REQUIREMENT>
In the data below, reproduce everything exactly except the images.

+++ GIVEN MATERIAL

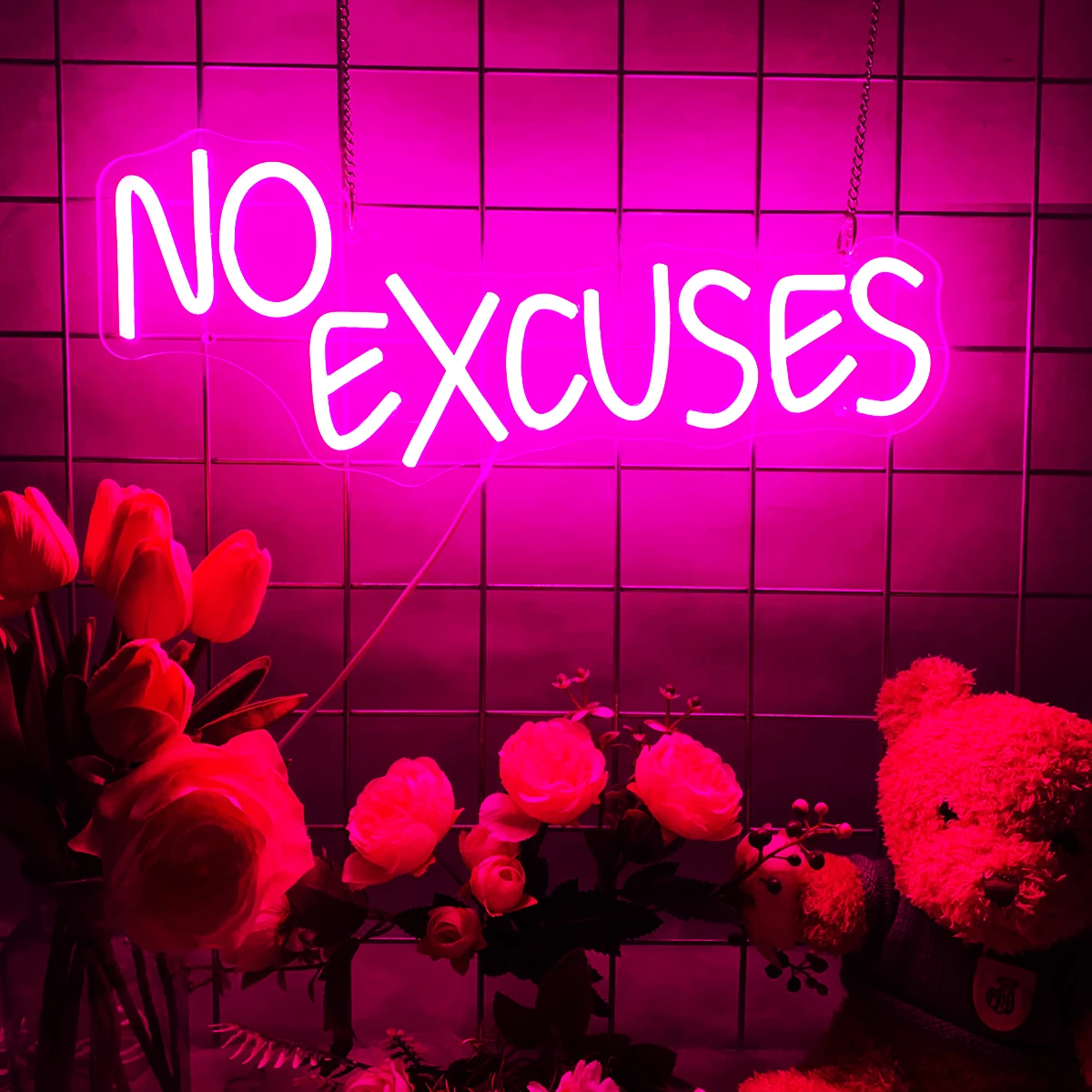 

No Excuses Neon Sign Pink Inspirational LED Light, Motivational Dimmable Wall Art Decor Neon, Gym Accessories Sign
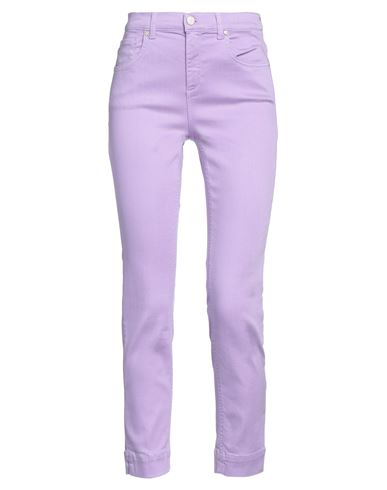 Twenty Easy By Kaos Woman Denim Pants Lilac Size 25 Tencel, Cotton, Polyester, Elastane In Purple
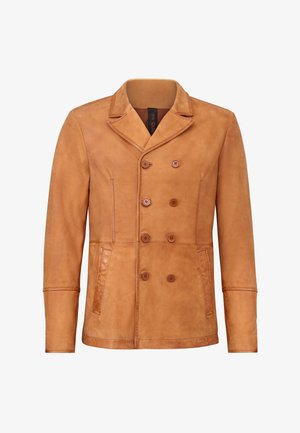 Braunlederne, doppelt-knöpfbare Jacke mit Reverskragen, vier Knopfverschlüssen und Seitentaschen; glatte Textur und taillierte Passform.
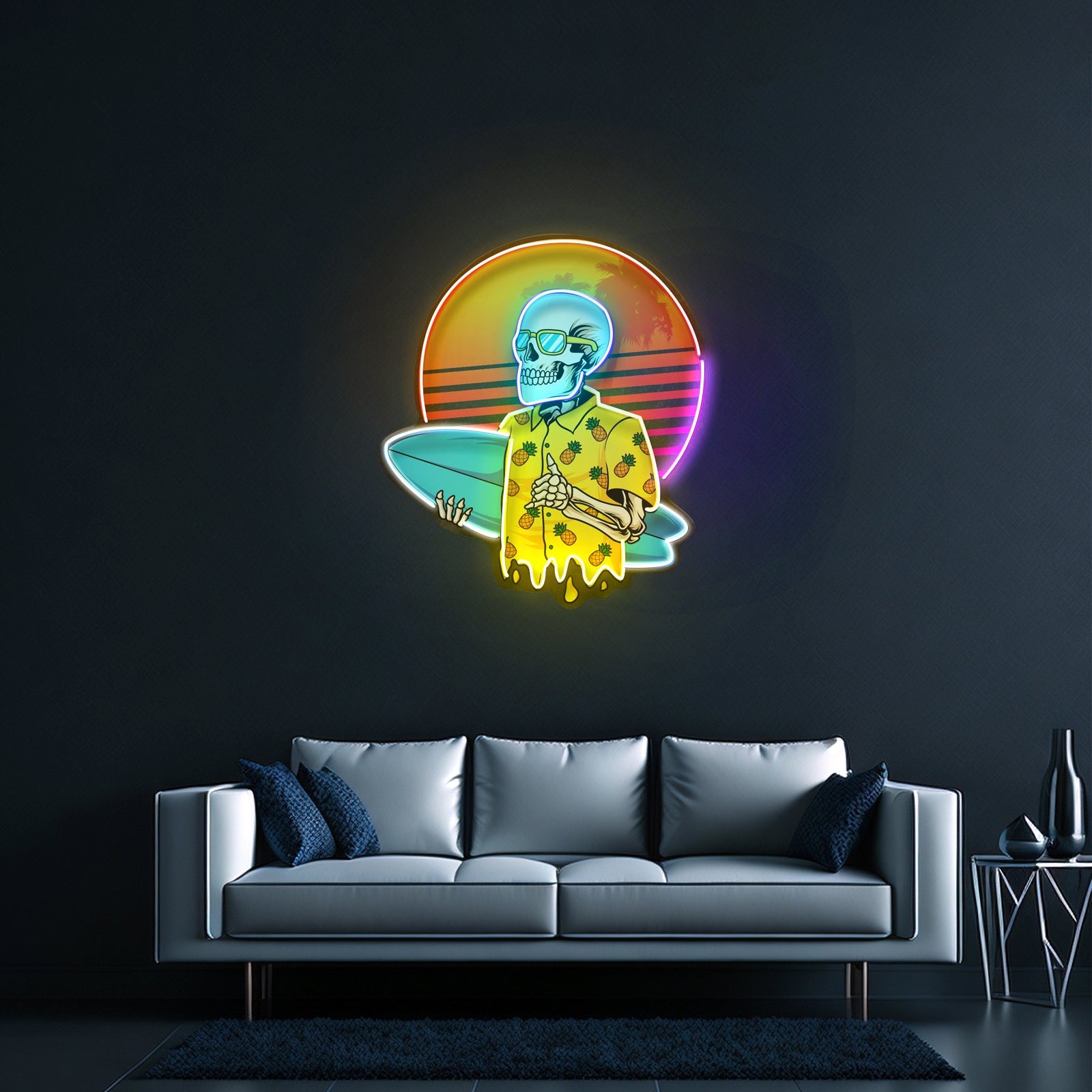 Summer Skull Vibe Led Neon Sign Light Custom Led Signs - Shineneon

++++++

RESULT OF THE TASK>
No Excuses Neon Sign Pink Inspirational LED Light, Motivational Dimmable Wall Art Decor Neon, Gym Accessories Sign
 Twenty Easy By Kaos Woman Denim Pants Lilac Size 25 Tencel, Cotton, Polyester, Elastane In Purple
 Braunlederne, doppelt-knöpfbare Jacke mit Reverskragen, vier Knopfverschlüssen und Seitentaschen; glatte Textur und taillierte Passform.
 Summer Skull Vibe Led Neon Sign Light Custom Led Signs - Shineneon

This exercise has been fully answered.